- YOUR TASK
Restate every record word for word, without the pictures.

Image-text web data:
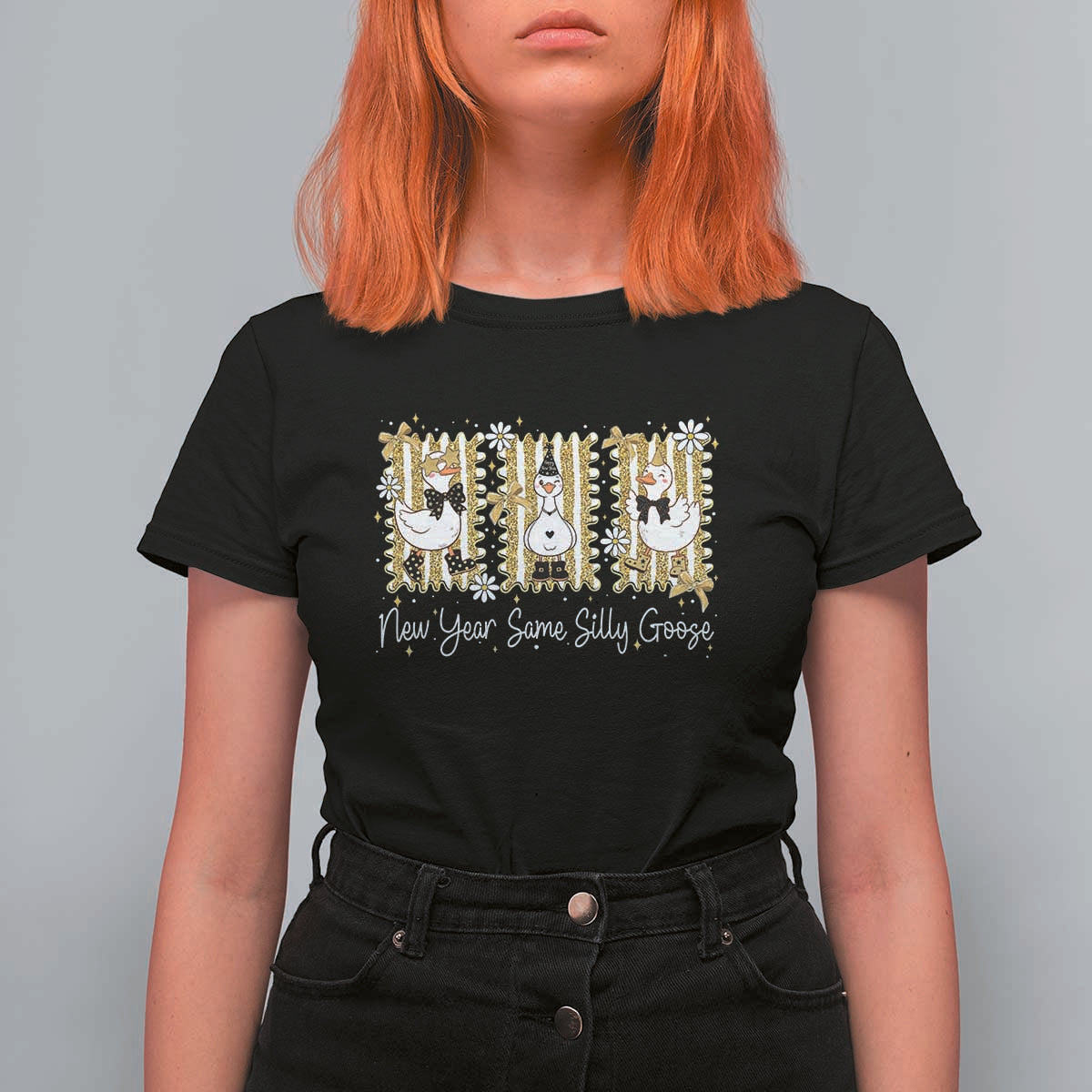 Funny New Year Same Silly Goose T Shirt For Women New Year Eve Goose Squad Faux Glitter - Wonder Print Shop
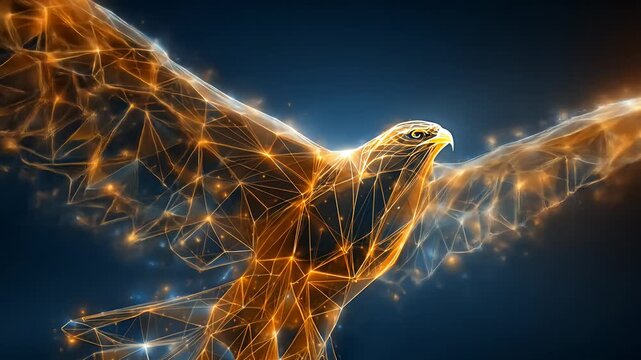 Luminous, low-poly style, avian shape soars on a dark backdrop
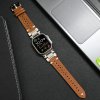 fgRfGenuine Leather Band for Apple Watch Ultra 2 49mm Series 9 8 7 45mm Correa Strap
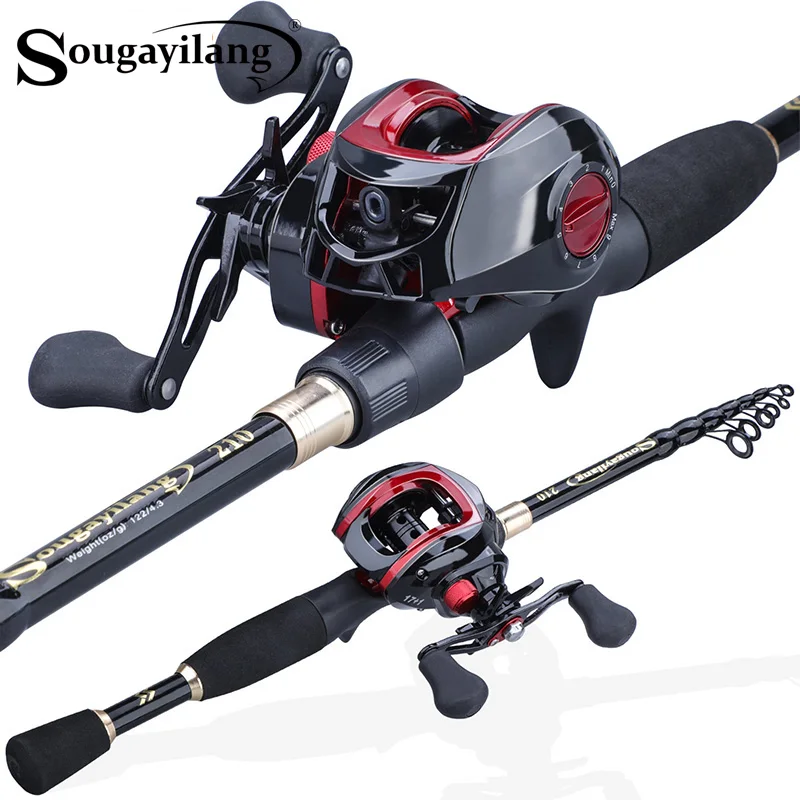 Combo pêche Sougayilang canne télescopique portable 1.8-2.4m et moulinet 17+1BB ratio 7.1:1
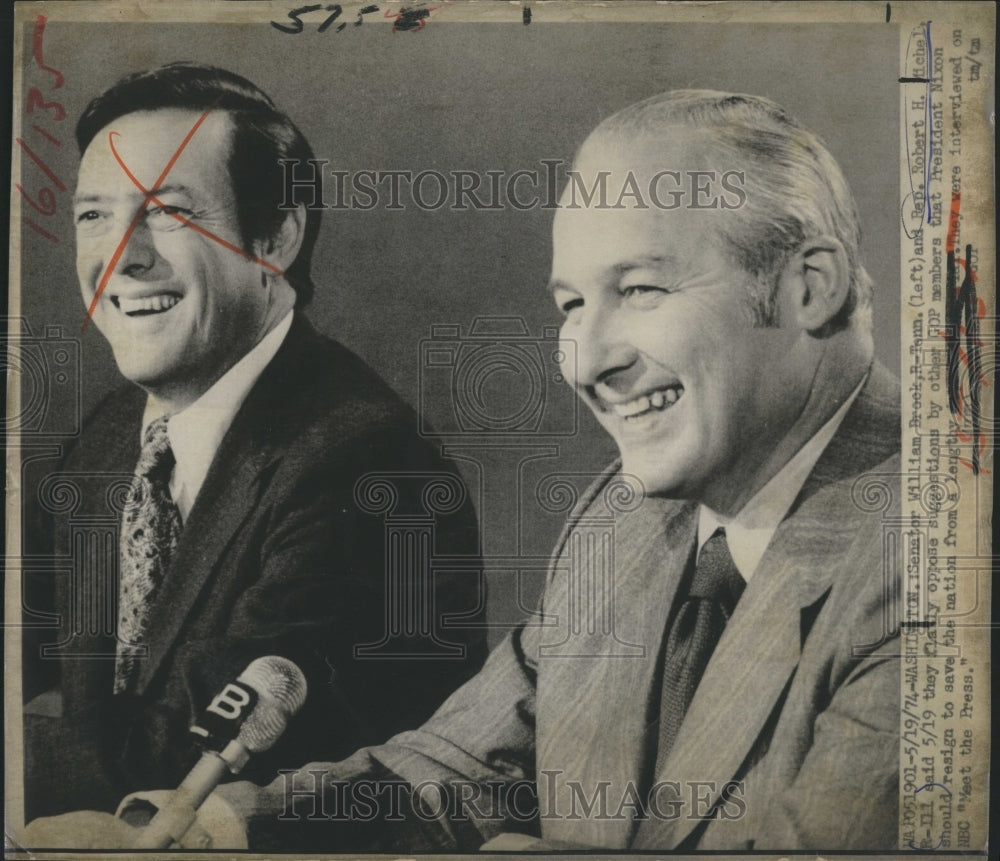 1974 Sen.William Brock Rep Robert Michel Oppose GOP Nixon Resign - Historic Images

- WRITTEN ANSWER
 Funny New Year Same Silly Goose T Shirt For Women New Year Eve Goose Squad Faux Glitter - Wonder Print Shop
 Luminous, low-poly style, avian shape soars on a dark backdrop
 fgRfGenuine Leather Band for Apple Watch Ultra 2 49mm Series 9 8 7 45mm Correa Strap
 Combo pêche Sougayilang canne télescopique portable 1.8-2.4m et moulinet 17+1BB ratio 7.1:1
 1974 Sen.William Brock Rep Robert Michel Oppose GOP Nixon Resign - Historic Images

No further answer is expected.